I am not entirely convinced that the spec
argument inside parallel::makeCluster
is explicitly the max number of cores (actually, logical processors) to use. I've used the value of detectCores()-1
and detectCores()-2
in the spec argument on some computationally expensive processes and the CPU and # cores used==detectCores()
, despite specifying to leave a little room (here, leaving 1 logical processor free for other processes).
The below example crude as I've not captured any quantitative outputs of the core usage. Please suggest edit.
You can visualize core usage by monitoring via e.g., task manager whilst running a simple example:
no_cores <- 5
cl<-makeCluster(no_cores)#, outfile = "debug.txt")
parallel::clusterEvalQ(cl,{
library(foreach)
foreach(i = 1:1e5) %do% {
print(sqrt(i))
}
})
stopCluster(cl)
#browseURL("debug.txt")
Then, rerun using e.g., ncores-1:
no_cores <- parallel::detectCores()-1
cl<-makeCluster(no_cores)#, outfile = "debug.txt")

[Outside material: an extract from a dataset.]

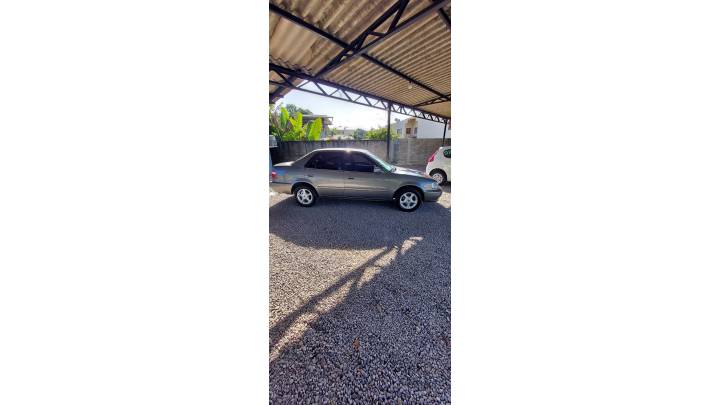 TOYOTA - COROLLA - 2002/2002 - Prata - R$ 32.900,00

parallel::clusterEvalQ(cl,{
library(foreach)
foreach(i = 1:1e5) %do% {
print(sqrt(i))
}
})
stopCluster(cl)
All 16 cores appear to engage despite no_cores being specified as 15:

Based on the above example and my very crude (visual only) analysis...it looks like it is possible that the spec argument tells the max number of cores to use throughout the process, but it doesn't appear the process is running on multiple cores simultaneously. Being a novice parallelizer, perhaps a more appropriate example is necessary to reject/support this?
The package documentation suggests spec
is "A specification appropriate to the type of cluster."
I've dug into the relevant parallel documentation and and cannot determine what, exactly, spec
is doing. But I am not convinced the argument necessarily controls the max number of cores (logical processors) to engage.
Here is where I think I could be wrong in my assumptions: If we specify spec
as less than the number of the machine's cores (logical processors) then, assuming no other large processes are running, the machine should never achieve no_cores times 100% CPU usage (i.e., 1600% CPU usage max with 16 cores).
However, when I monitor the CPUs on a Windows OS using Resource Monitor), it does appear that there are, in fact, no_cores Images for Rscript.exe running.